With “Reading Reasons,” I tried to really consider how these reasons to read that high school students came up with will apply to my classroom of slightly younger students. Some of them would be more difficult to relate to them than others. For instance, explaining to a group of middle school students that reading is necessary for college is much less applicable than explaining that it is going to be particularly important in high school, and emphasizing that reading is hard, but we need hard things in our lives might not be something they are interested to hear. I was thinking about teaching Math, since I don’t know at this point if I will end up in Math or Reading, and the reason that reading is important financially really hit me. I would love to do a class project with allowance tracking or even pretend class bills. We could create a classroom community where students had to research funding and spending, but in a simpler way than with high school students.

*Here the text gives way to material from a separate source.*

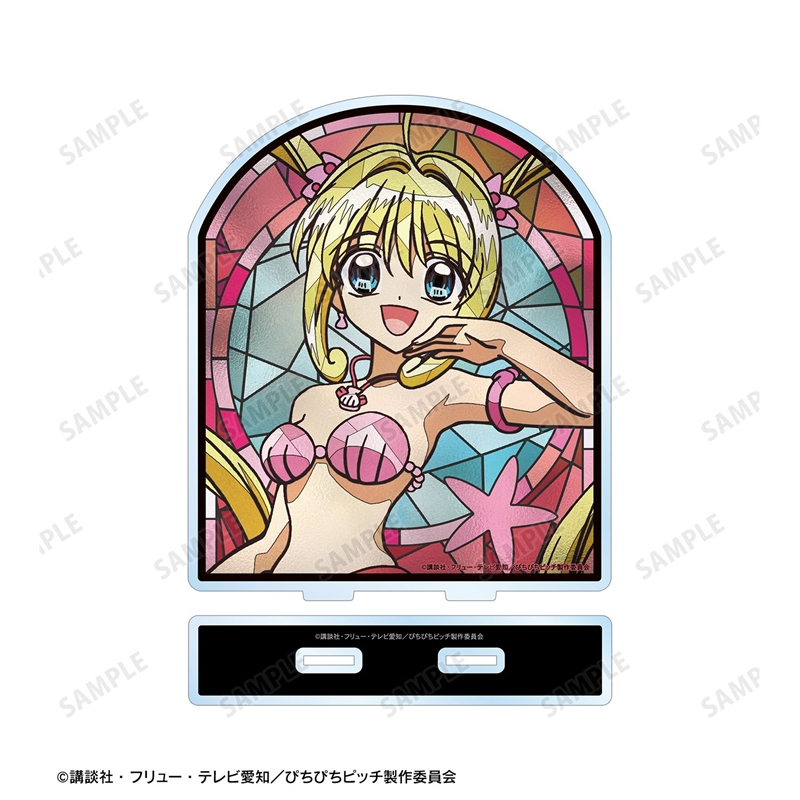 アニメ「ぴちぴちピッチ」 るちあ Aure Glass BIGアクリルスタンド 画像 3 | AniSmile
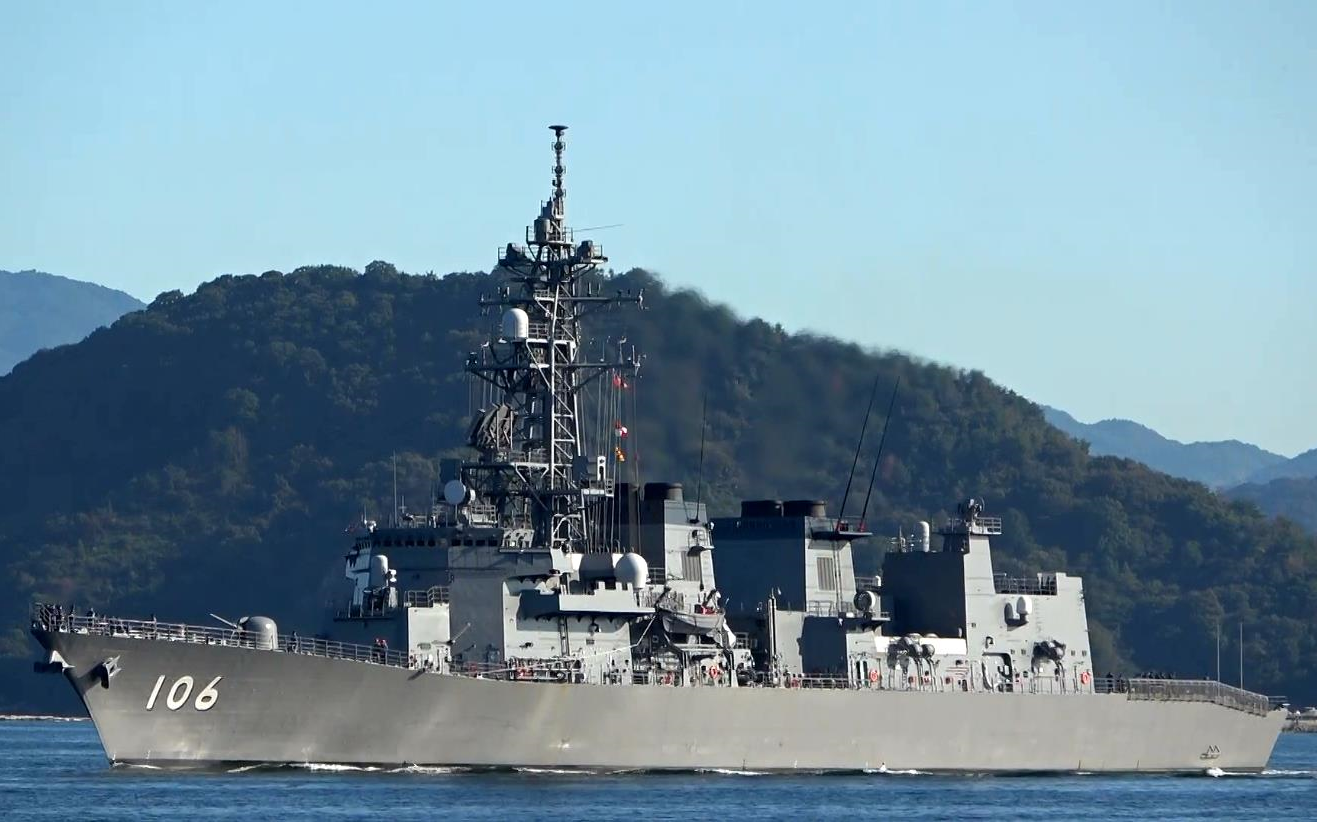 【海上自卫队】村雨级驱逐舰"五月雨"号(dd-106)航行在江田岛市(2021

With the Graves chapter, I was really thinking about the students that will be in my classroom. They with be ages 9-13, so opinions on reading may have already formed. They might also have in mind if they are a “good reader” or a “bad reader.” I hope that I can create a fresh start environment for my students where they can all be good readers and all can love to read. In that, there was one little line that really hit me on page 54, “Perhaps the best books offer an experience that is similar to looking through a window at twilight. At first you see through the window into another place, but, as the light gradually fades, you end up seeing yourself.” My students will be at a time in their lives where everything they knew about themselves and their world is starting to change. With that quote, I realized that I can help them learn about themselves and their world through the books I have them read. Maybe the best way to motivate my students is to have them divided into book groups, where each group is filled with students who are different from each other, but by the end they will all be reflecting on the book and themselves together, once it’s dark and the window reflects themselves. I think motivation can seem daunting, but the trick is finding what motivates us now, and when we were children, and I think Graves has it, it’s finding literature that allows us into another world, different from our own, but leaves us thinking about our own lives, no matter the age.
(2003). Nine Reasons for Reading. In K. Gallagher, Reading
Reasons: Motivational Mini-Lessons for Middle and High School (pp. 15-38).
Portland: Stenhouse Publishers.
Graves, M. F. (2007). Teaching Reading in the 21st
Century (5th Edition). Boston: Allyn and Bacon.
Great post.. love the quote from page 54. I can see you are really thinking about how you might apply this content in your own classroom.